Asset allocation is the primary determinant of any portfolio’s risk, or volatility, and return potential, including PERA’s. Asset allocation simply refers to the portion of PERA’s total portfolio that is invested in the five asset classes. The PERA Board of Trustees regularly revisits the strategic asset allocation to determine whether the fund needs to be differently proportioned. A critical part of that work is called an Asset/Liability Study, which evaluates the relationship of the plan’s assets and liabilities, as well as the plan’s risk tolerance.
The Board’s investment consultants, Aon, began the latest Asset/Liability Study in late 2018 and recently provided its findings at the Board Planning Session earlier in September.
The key objective of the Asset/Liability Study is to identify the appropriate risk posture for the portfolio in the context of the liabilities of the portfolio, or the right level of risk for the overall portfolio of assets. Making this determination requires three key decisions: the overall mix between return-seeking and risk-reducing assets; the composition of the return-seeking portfolio; and the composition of the risk-reducing portfolio.
The Board is expected to use the results of the Asset/Liability Study, the timing of projected cash outflows, and overall risk tolerance of the fund in order to determine a strategic asset allocation later this fall.
[PERA’s current asset allocation policy can be seen here.]
Reevaluating its strategic asset allocation every three to five years, as PERA does, is a best practice for institutional investors and a cornerstone of prudent governance of a pension plan. The updated asset allocation policy will provide guidance on the most appropriate mix of assets to be held in the PERA Trust Funds in order to meet the future financial needs of the plan for the sole benefit of its members and retirees.
Also included in the Asset/Liability Study is information about key assumptions and possible alternative portfolio compositions:
- Long-term capital market expectations for a variety of asset classes are used to model different asset allocations based on Aon’s expectations. Since PERA is a long-term investor, it relies on long-term assumptions about how the capital markets will perform and economic environments will shift.

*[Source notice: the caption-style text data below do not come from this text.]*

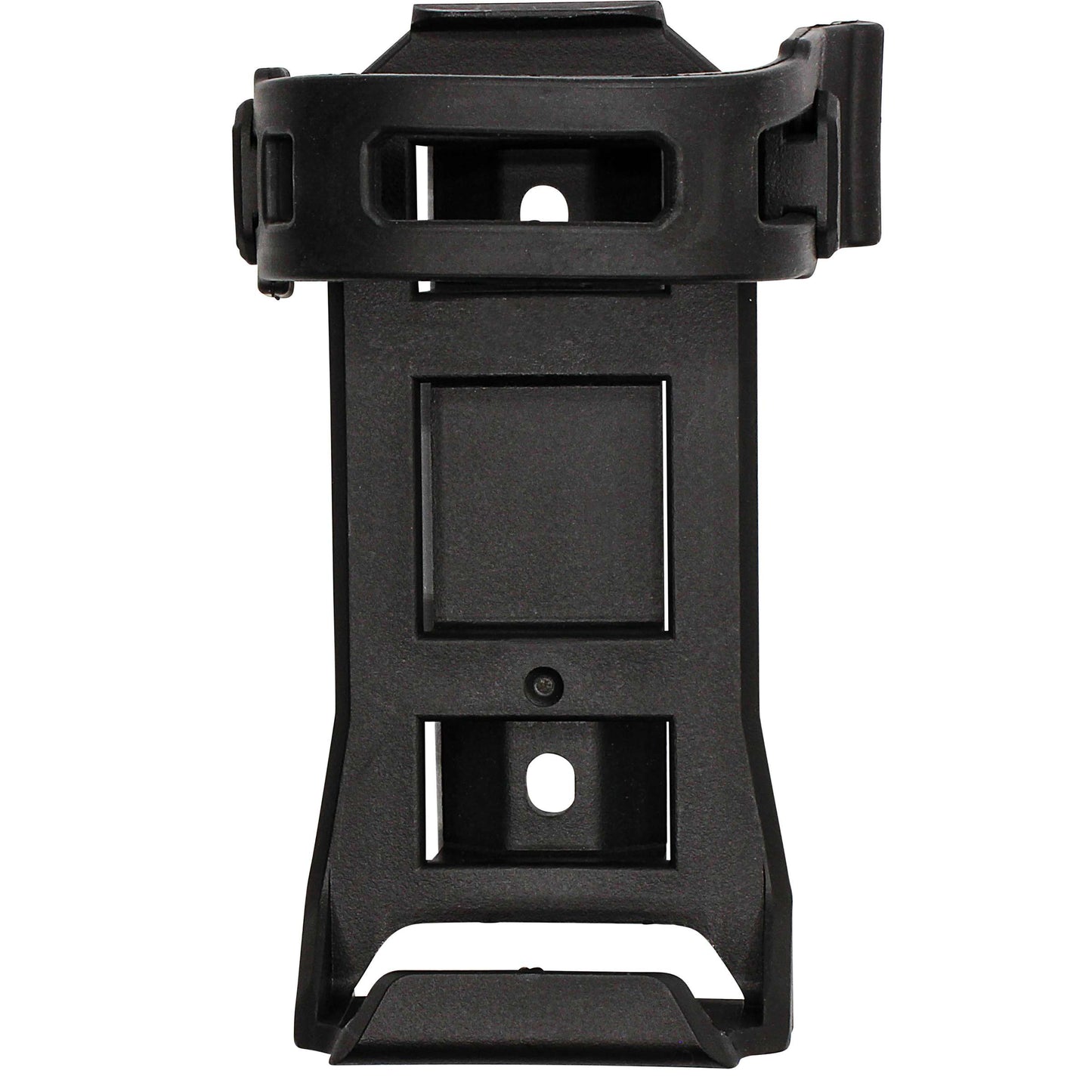 Kryptonite vouwslot keeper mini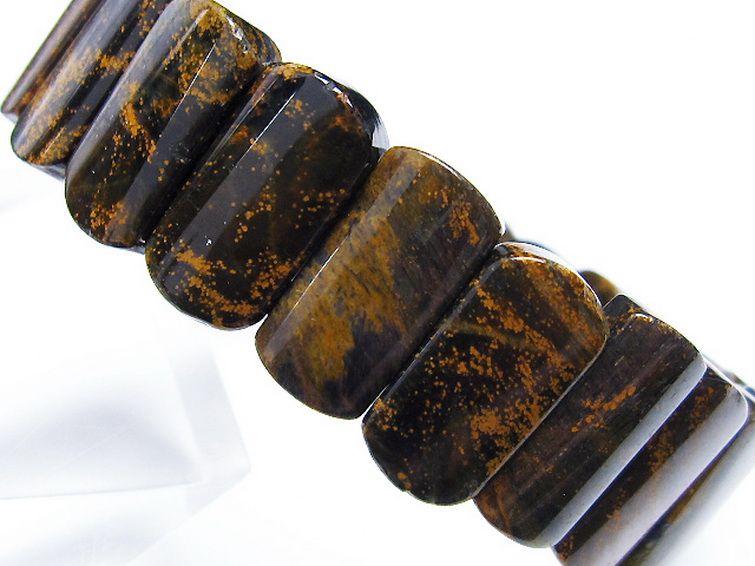 ピーターサイト バングル [t150-2003] 2枚目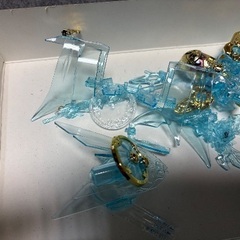 スーパー激レア　希少価値あり　検索して　　BB戦士 179 魂武者闘刃丸　買わなきゃ損の画像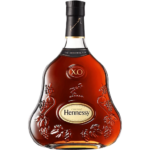 Hennessy XO Cognac | 700mL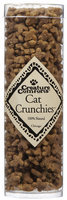 Creature Comforts Cat Crunchies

- Risk and performance expectations with different asset allocations. Aon’s analysis looked at a range of combinations of different asset classes in a variety of weights, including global equity, fixed income, private equity, real estate, private debt as well as asset mixes designed to mitigate risk. Aon generally favors careful diversification into a broad set of asset classes with attractive risk and return properties to improve portfolio efficiency, and its specific analysis for PERA has been customized to reflect PERA’s particular needs and circumstances.
Additional information from the presentation of Aon to the Board at its September Planning Session can be found here.
As the Board continues the process of refining the analysis of the Asset/Liability Study and developing its updated strategic asset allocation, PERA on the Issues will continue to provide new information on the Board’s conclusions.